= Task =
Nothing but the lines from the one with "this 328×219 image." through the end of the data should be set down, each exactly as written, and no picture should be included.

[Free-text object descriptions]
######

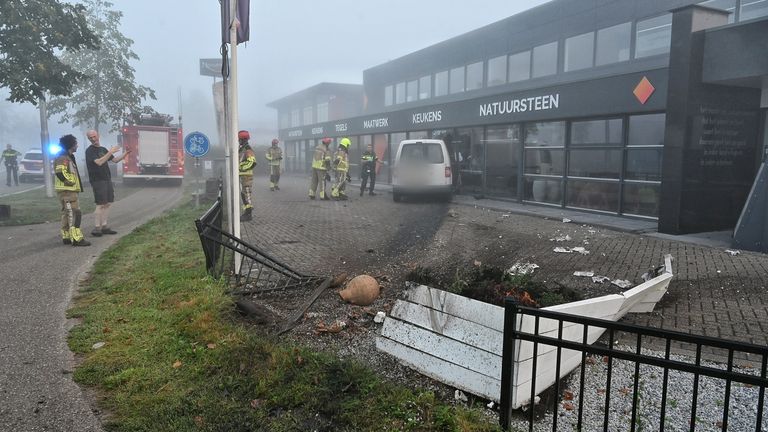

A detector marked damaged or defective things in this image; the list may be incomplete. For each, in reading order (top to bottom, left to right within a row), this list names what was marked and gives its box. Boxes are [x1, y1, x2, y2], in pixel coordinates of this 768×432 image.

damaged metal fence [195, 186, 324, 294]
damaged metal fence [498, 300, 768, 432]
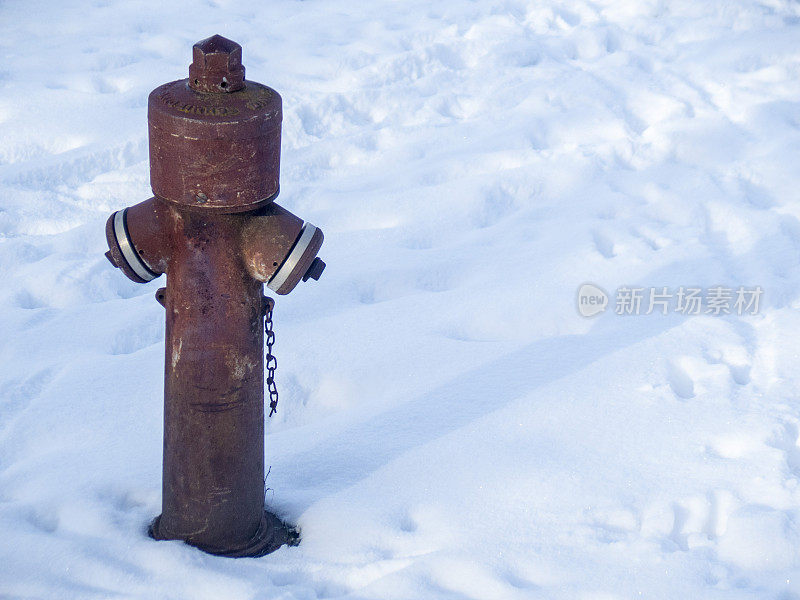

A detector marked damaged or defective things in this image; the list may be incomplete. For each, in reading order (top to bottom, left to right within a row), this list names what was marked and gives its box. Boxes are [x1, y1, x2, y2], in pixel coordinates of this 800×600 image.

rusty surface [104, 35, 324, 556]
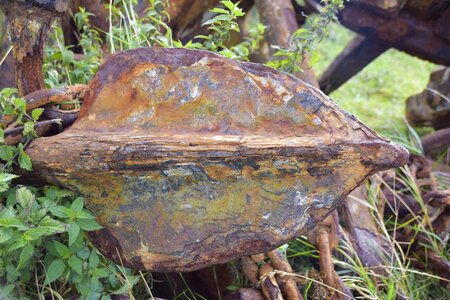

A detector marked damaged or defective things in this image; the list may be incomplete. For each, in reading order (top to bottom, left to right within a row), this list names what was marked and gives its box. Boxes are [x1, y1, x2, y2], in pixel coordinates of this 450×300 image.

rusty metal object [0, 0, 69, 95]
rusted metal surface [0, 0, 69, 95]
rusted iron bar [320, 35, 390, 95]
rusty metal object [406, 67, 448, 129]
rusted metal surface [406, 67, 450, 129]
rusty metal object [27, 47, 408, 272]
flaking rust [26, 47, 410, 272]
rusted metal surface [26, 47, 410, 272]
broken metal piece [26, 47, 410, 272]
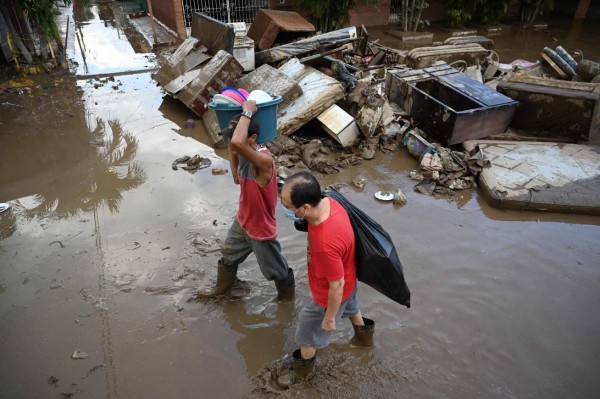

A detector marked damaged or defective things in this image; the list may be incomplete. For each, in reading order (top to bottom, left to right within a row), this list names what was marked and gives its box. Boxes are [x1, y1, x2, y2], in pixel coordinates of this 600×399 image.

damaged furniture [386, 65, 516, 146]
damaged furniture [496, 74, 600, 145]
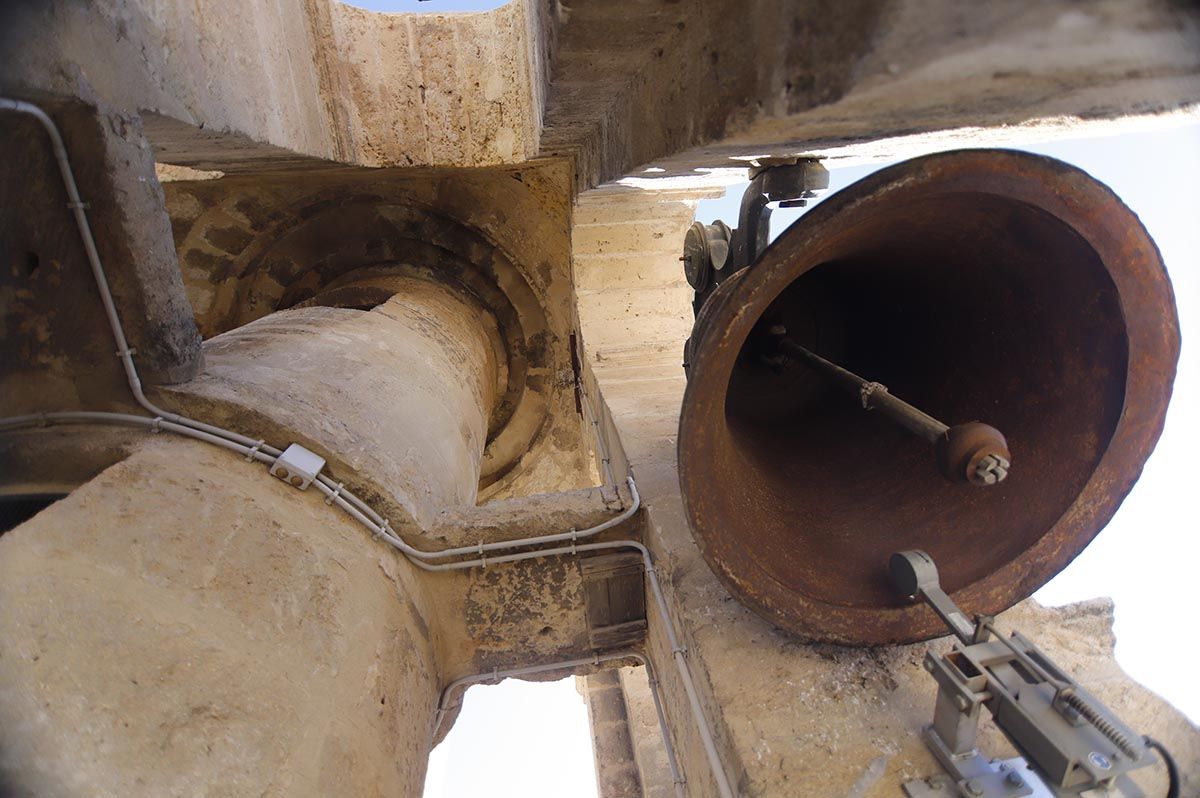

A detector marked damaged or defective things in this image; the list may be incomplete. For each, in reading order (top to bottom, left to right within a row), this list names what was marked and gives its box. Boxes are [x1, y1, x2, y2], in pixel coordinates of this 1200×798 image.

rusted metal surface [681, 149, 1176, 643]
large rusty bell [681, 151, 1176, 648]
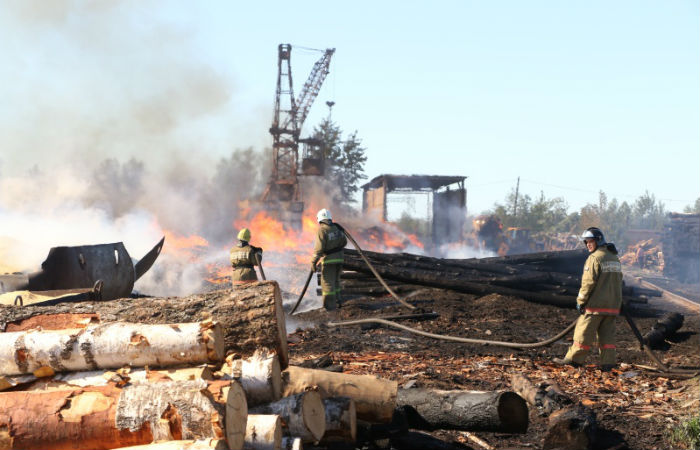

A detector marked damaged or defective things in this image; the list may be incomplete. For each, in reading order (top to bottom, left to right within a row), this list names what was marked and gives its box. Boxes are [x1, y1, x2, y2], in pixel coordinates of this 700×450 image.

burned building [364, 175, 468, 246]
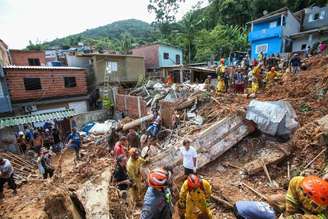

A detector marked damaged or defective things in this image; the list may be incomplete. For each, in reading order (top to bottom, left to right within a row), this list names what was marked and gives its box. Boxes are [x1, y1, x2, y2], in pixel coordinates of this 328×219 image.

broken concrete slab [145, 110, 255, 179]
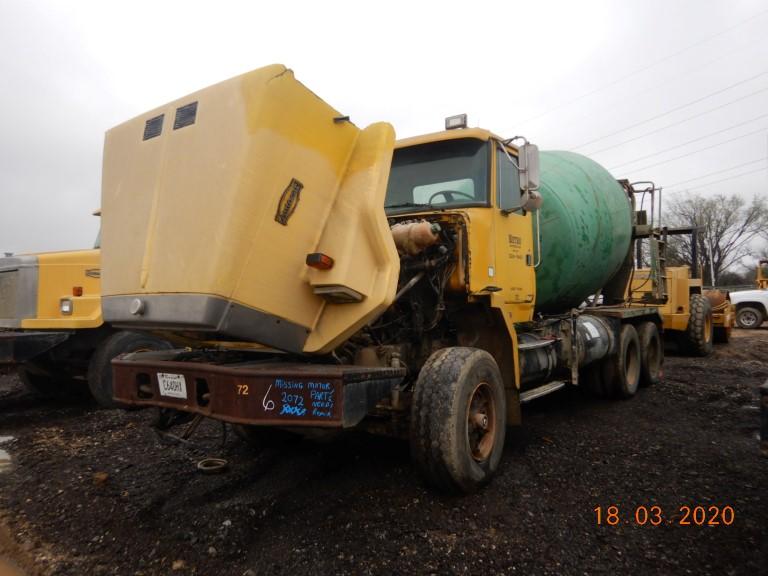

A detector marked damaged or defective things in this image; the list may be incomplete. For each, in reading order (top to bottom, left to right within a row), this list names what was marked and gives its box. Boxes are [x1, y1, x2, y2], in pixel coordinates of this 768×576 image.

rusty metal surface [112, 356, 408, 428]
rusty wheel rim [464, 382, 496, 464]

######

= Exercise output =
A detector marked damaged or defective things in this image; the list may be incomplete. For each, in reading order (top to bottom, left to right within a row), this list names what was marked and gives its box. Boxes are [x1, y1, x2, y2], in pixel coordinates of this 328×219 image.

broken concrete slab [145, 110, 255, 179]

A detector marked damaged or defective things in this image; the list may be incomplete. For each, in reading order (top to bottom, left to right within a row), this list names what was marked and gives its box. Boxes are [x1, y1, x2, y2], in pixel coordinates of this 768×576 image.

rusty metal surface [112, 356, 408, 428]
rusty wheel rim [464, 382, 496, 464]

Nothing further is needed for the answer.